# [What you are asked to do]
Once the line holding "3.0 TDI quattro tiptronic DPF" is found in the entries below, restate it and each line after it word for word, with no pictures.
▼▼▼
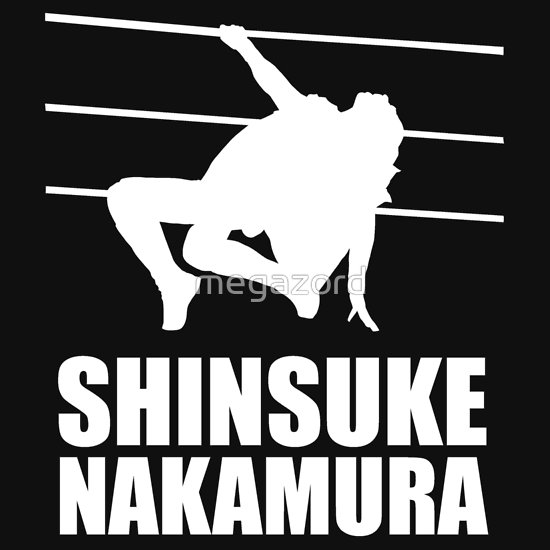 DBake316's tweet image. Good luck tonight @shinsukeN @WWEAsuka The king and Queen of Strong Style!!!
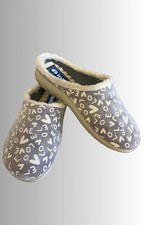 Women Blue Lined Edge Eco-Slip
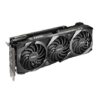 MSI GeForce RTX 3080 Ventus 3X OC 10GB GDDR6X 320 bit Graphics Card - Black - Image 2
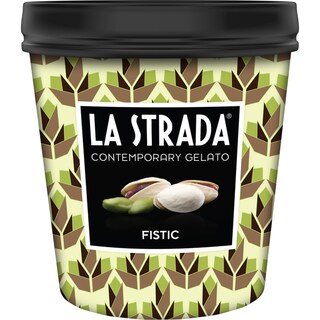 La Strada | Inghetata cu fistic 67g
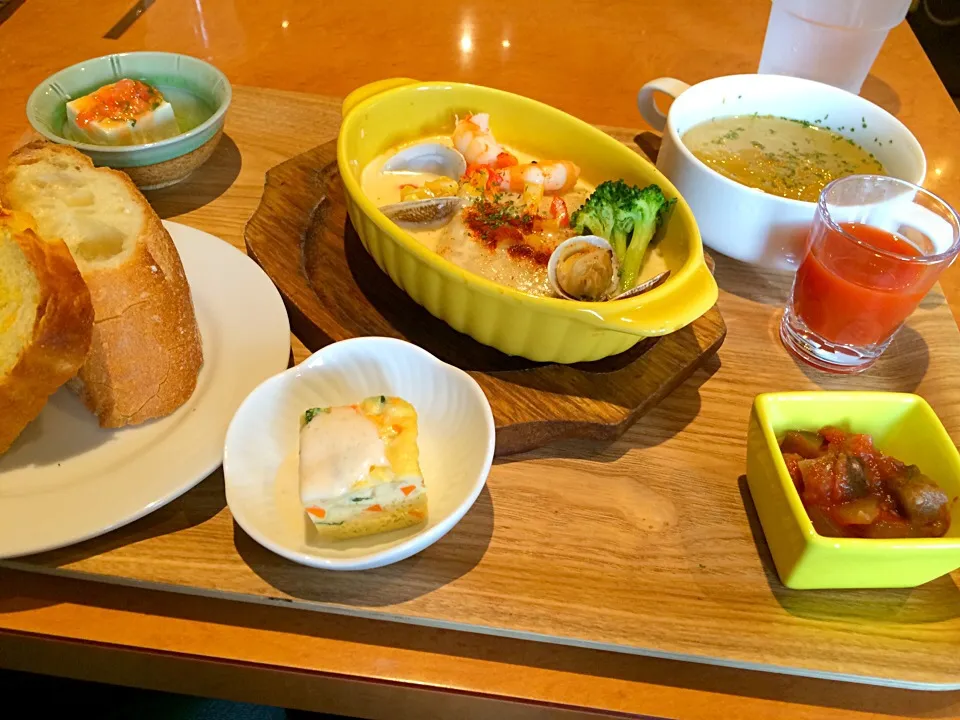 ランチ(^ ^)|marineさん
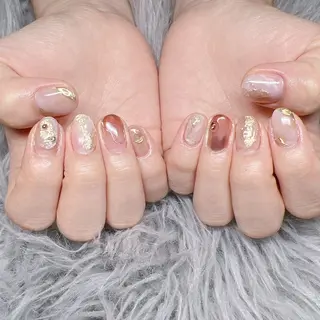 ネイル 個室ネイルサロンDolly  Girl〜ドーリーガール〜所属・DollyGirl KYOKOのネイルデザイン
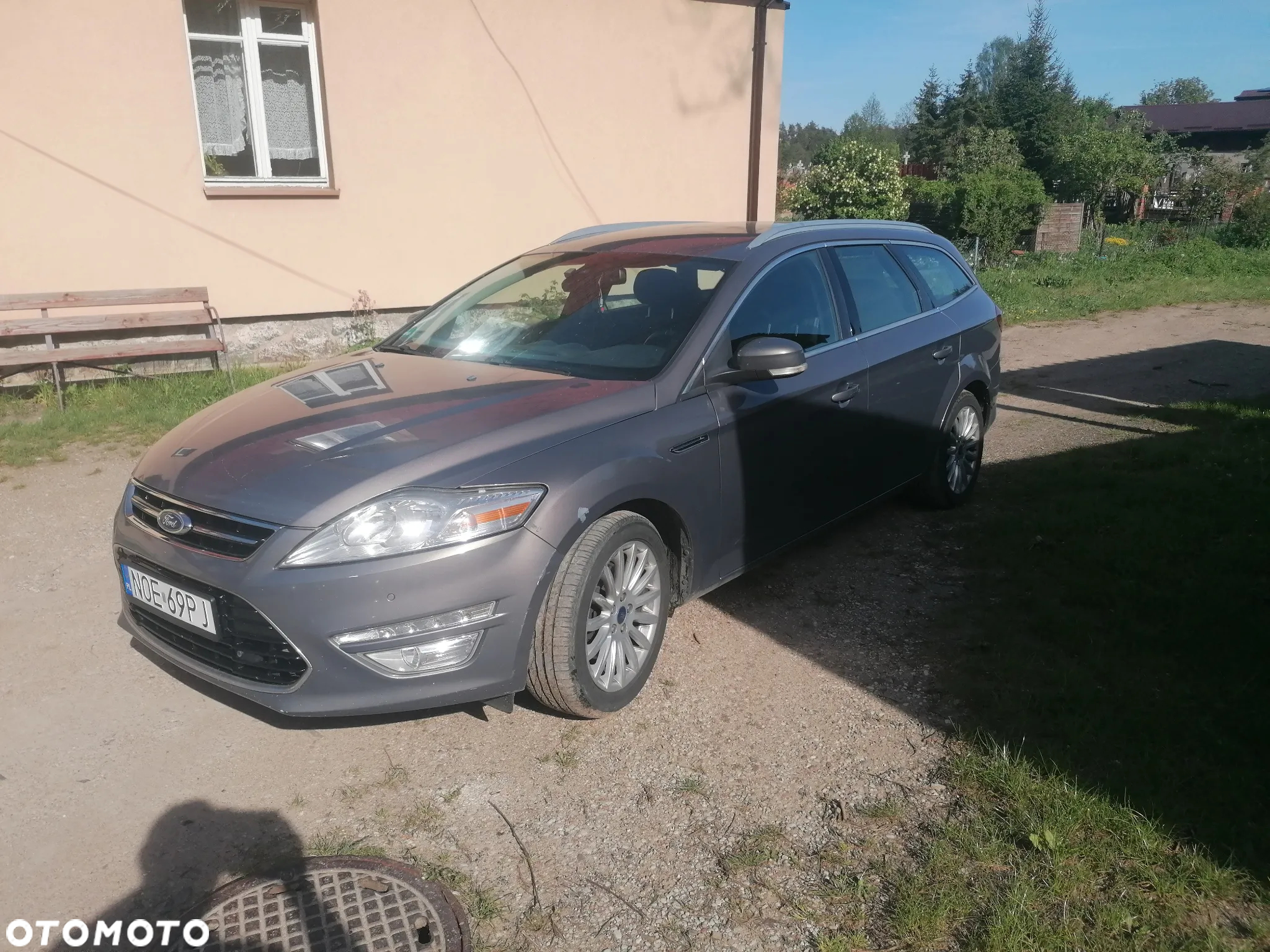 Ford Mondeo Turnier 2.0 TDCi Business Edition - 2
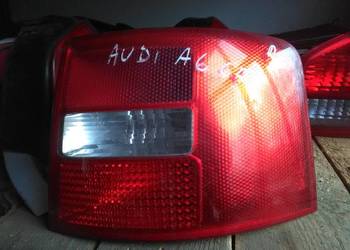 Lampy tylne AUDI A6 C5 KOMBI PRAWA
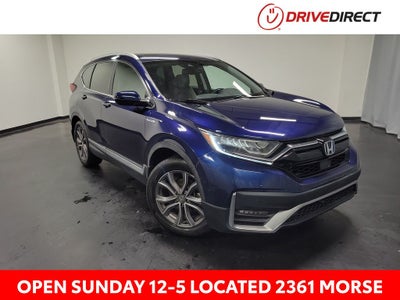 2021 Honda CR-V Hybrid Touring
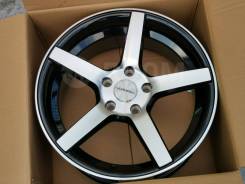 Реплика дисков Vossen cv3 R17 5-108 фото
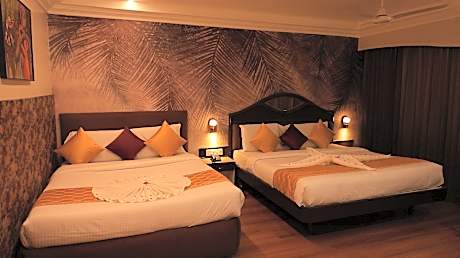 Standard Quad Room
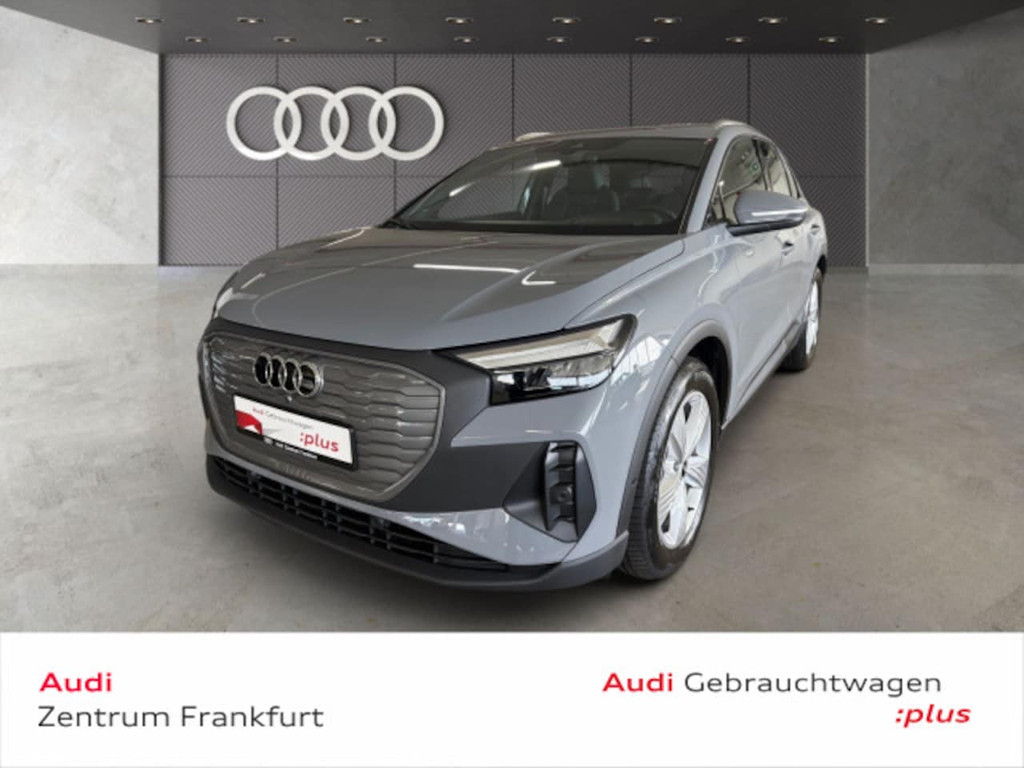 Audi Q4 e-tron 40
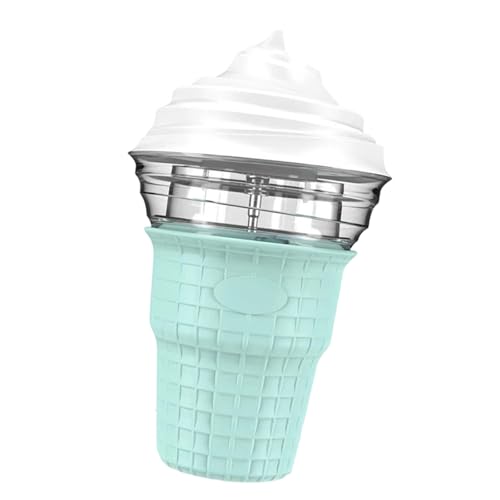 Tasse de congélation en silicone pour sorbets et slushies faits maison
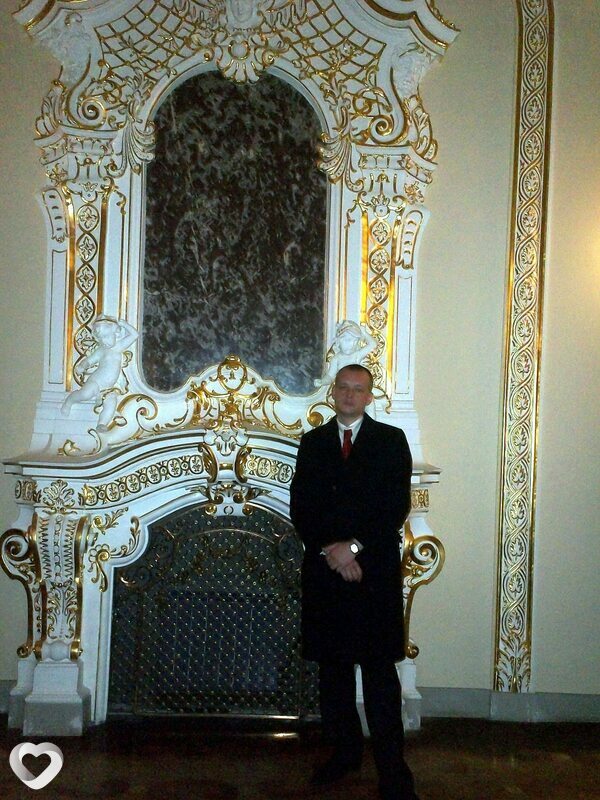 Александр, 44, Одессе — анкета №70990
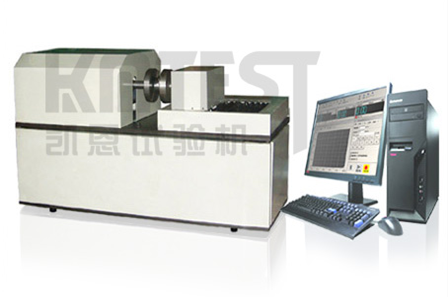 凱恩臥式彈簧扭轉(zhuǎn)疲勞試驗(yàn)機(jī)照片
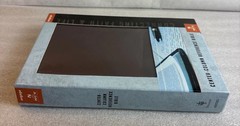 NCV Center Column Reference Bible Burgundy Bonded Leather Red Letter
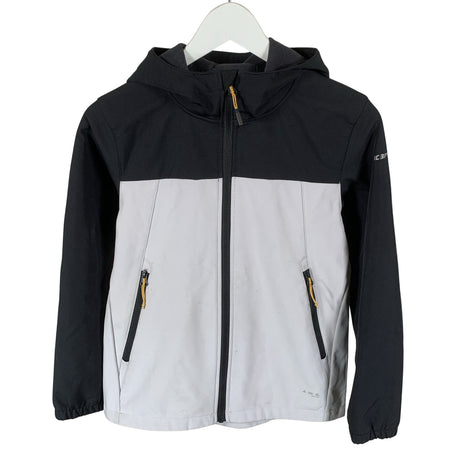 Unisex Icepeak - Softshell-takki, koko 146 - 152 - Harmaa ()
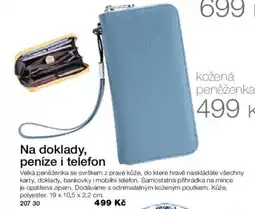 Decodoma Na doklady, peníze i telefon nabídka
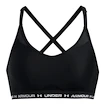 Soutien-gorge pour femme Under Armour  Crossback Low Bra Black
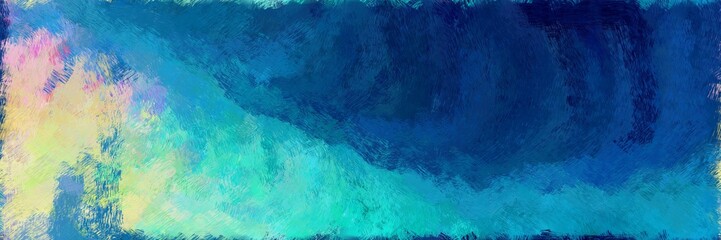 seamless pattern design. grunge abstract background with teal, pastel gray and midnight blue color. can be used as wallpaper, texture or fabric fashion printing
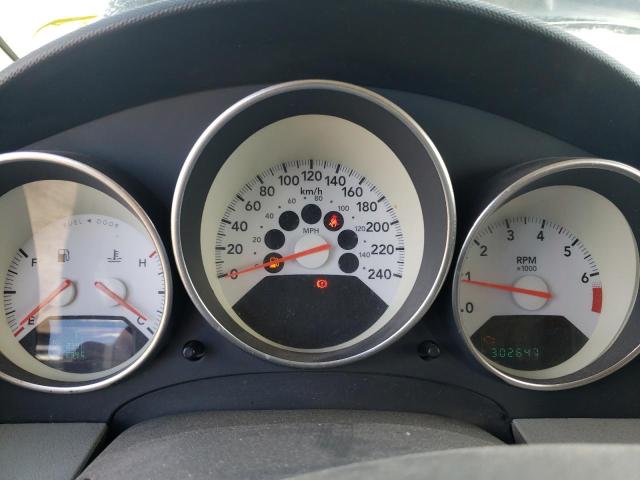 Photo 8 from auction – 2007 DODGE CALIBER SX with VIN 1B3HB48C37D580500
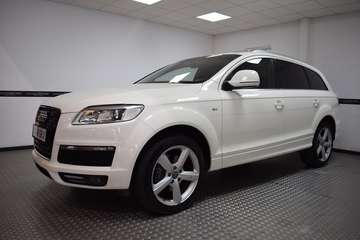 3.0 TDI quattro tiptronic DPF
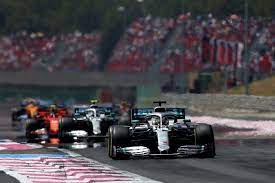 Max verstappen (holland, red bull) 1:27.25.770 óra 2. 2019 Forma 1 Francia Nagydij Futam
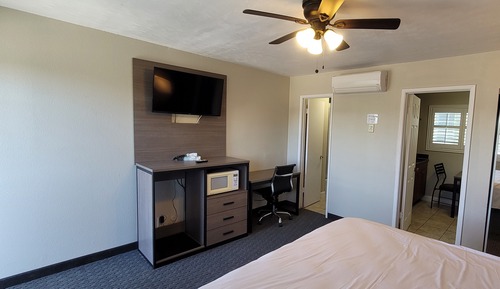 Suite estudio Deluxe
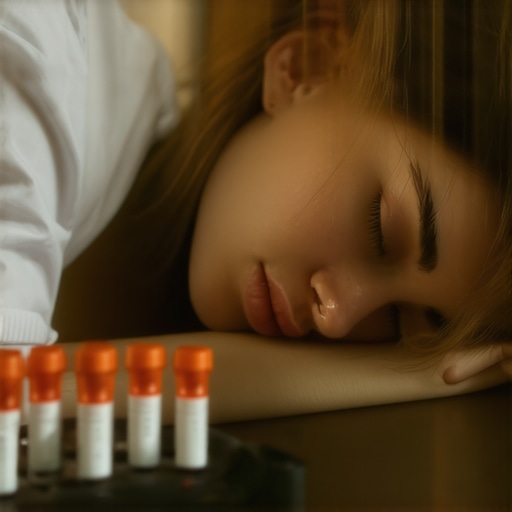 Why Your Chronic Fatigue Needs a Thyroid Panel Update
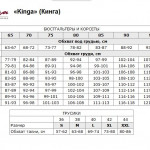 Трусы слипы Kinga 821/5-P FORGET-ME-NOT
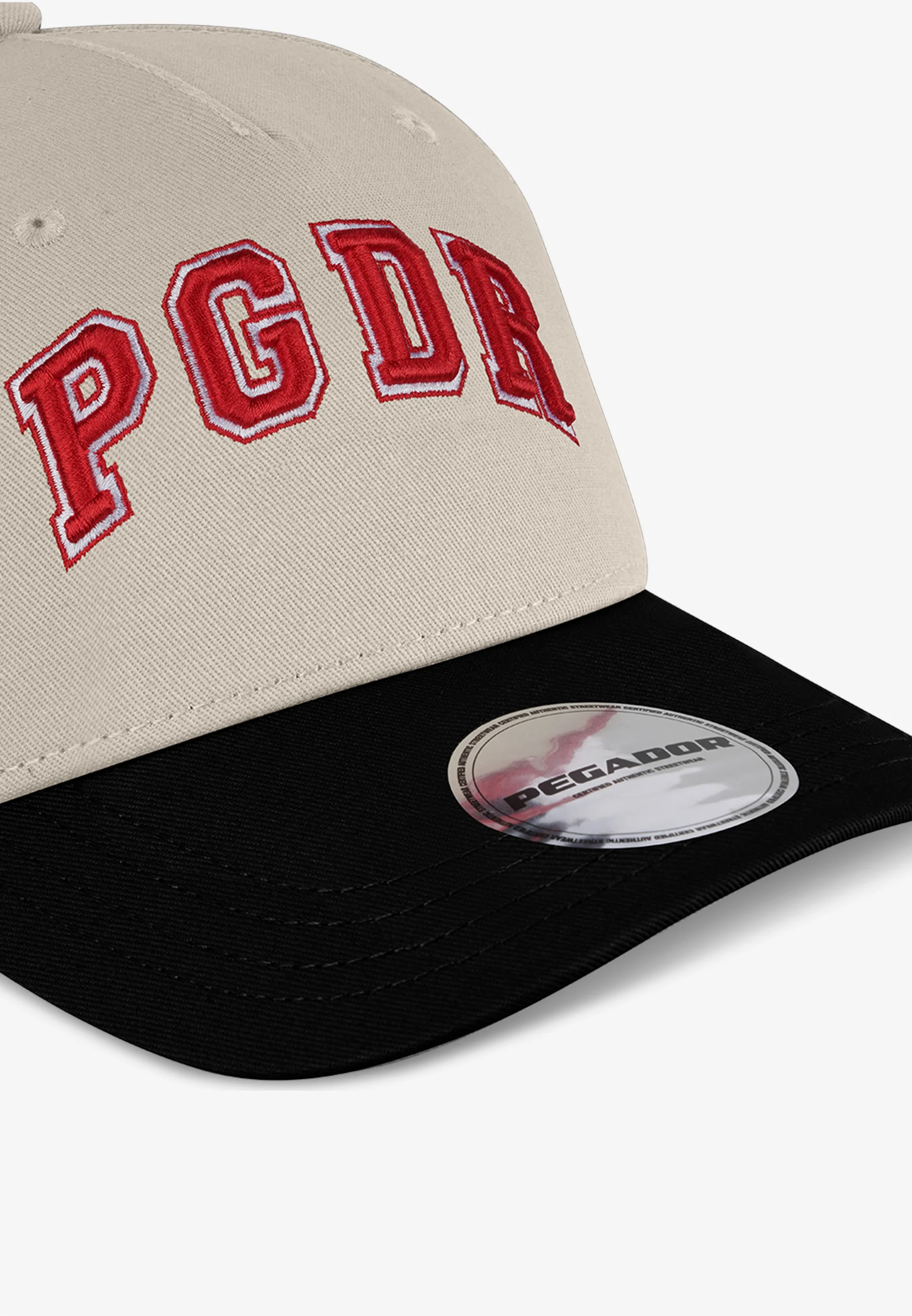 Pegador CARLO BASEBALL UNISEX - Gorra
▲▲▲
# [Solved exercise]
 3.0 TDI quattro tiptronic DPF
 Max verstappen (holland, red bull) 1:27.25.770 óra 2. 2019 Forma 1 Francia Nagydij Futam
 Suite estudio Deluxe
 Why Your Chronic Fatigue Needs a Thyroid Panel Update
 Трусы слипы Kinga 821/5-P FORGET-ME-NOT
 Pegador CARLO BASEBALL UNISEX - Gorra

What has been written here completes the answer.